Slashdot Mirror


Air Traffic Snafu: FAA System Runs Out of Memory

minstrelmike writes: Over the weekend, hundreds of flights were delayed or canceled in the Washington, D.C. area after air traffic systems malfunctioned. Now, the FAA says the problem was related to a recent software upgrade at a local radar facility. The software had been upgraded to display customized windows of reference data that were supposed to disappear once deleted. Unfortunately, the systems ended up running out of memory. The FAA's report is vague about whether it was operator error or software error: "... as controllers adjusted their unique settings, those changes remained in memory until the storage limit was filled." Wonder what programming language they used?

2 of 234 comments (clear)

  1. Re:This is why we like C by Vlad_the_Inhaler · · Score: 4, Interesting

    I have actually seen something similar to this before, also involving an Air Traffic Control.

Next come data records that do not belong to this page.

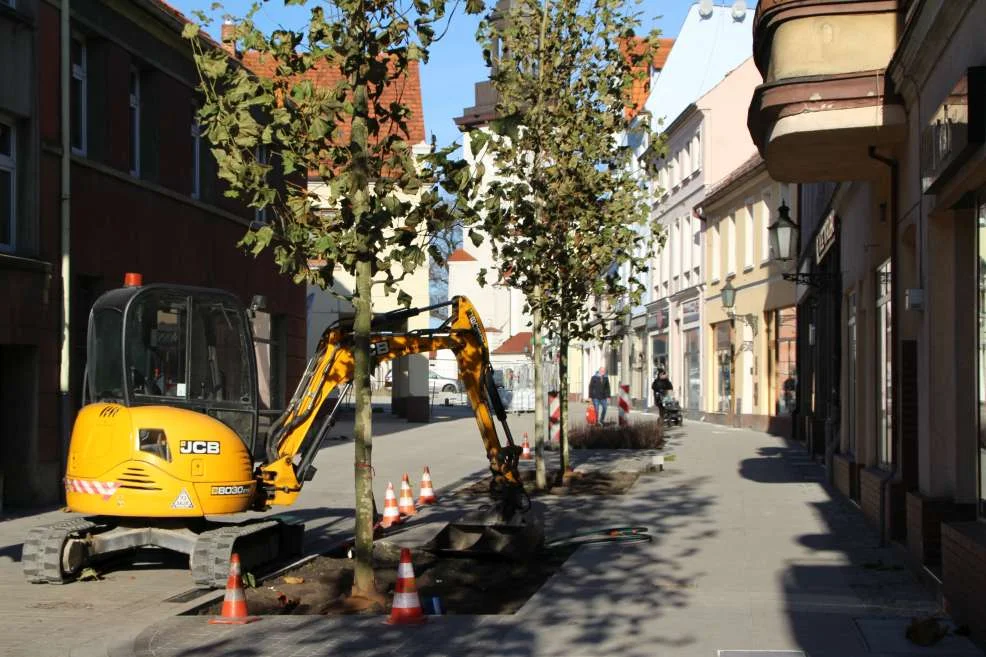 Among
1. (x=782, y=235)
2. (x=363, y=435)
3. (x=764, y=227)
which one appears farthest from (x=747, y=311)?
(x=363, y=435)

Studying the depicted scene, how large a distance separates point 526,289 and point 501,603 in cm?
853

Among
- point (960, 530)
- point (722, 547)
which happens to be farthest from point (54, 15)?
point (960, 530)

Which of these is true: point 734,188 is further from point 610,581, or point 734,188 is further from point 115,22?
point 610,581

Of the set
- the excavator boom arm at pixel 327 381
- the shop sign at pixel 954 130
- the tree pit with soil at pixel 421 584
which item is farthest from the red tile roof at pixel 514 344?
the shop sign at pixel 954 130

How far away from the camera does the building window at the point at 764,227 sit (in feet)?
116

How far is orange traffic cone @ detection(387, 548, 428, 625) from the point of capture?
28.8 ft

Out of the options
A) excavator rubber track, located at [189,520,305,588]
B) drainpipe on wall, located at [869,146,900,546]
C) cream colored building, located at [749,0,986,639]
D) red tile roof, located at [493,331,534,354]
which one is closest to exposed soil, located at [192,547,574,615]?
excavator rubber track, located at [189,520,305,588]

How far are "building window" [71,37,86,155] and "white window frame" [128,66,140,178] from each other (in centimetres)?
138

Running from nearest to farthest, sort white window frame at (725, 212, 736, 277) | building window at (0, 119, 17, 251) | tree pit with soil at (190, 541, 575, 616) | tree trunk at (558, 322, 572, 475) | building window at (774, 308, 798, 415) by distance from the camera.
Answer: tree pit with soil at (190, 541, 575, 616), building window at (0, 119, 17, 251), tree trunk at (558, 322, 572, 475), building window at (774, 308, 798, 415), white window frame at (725, 212, 736, 277)

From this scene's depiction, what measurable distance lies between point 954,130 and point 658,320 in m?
42.6

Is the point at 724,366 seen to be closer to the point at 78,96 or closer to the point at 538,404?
the point at 538,404

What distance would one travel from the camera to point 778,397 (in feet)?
113

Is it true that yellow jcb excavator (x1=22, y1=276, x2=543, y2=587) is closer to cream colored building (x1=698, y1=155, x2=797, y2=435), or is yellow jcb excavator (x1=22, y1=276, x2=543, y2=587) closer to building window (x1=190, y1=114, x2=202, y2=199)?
building window (x1=190, y1=114, x2=202, y2=199)

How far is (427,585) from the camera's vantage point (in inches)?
437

    They were having some problem in handling "Large Messages", I am not sure of the exact details / circumstances - I was only peripherally involved. Anyway, the programmer wrote these to a file, then they were processed asynchronously and deleted. This minor change was tested - as usual at the site - by someone shooting an hour's production traffic through the test system and checking for unexpected aborts or other abnormalities. All was fine, the spooling file was 1% full.
    The patch went online. 4 days later (it was a Sunday morning and it was snowing) the file hit some limit and refused to accept new messages. At that moment things went "Keystone Cops".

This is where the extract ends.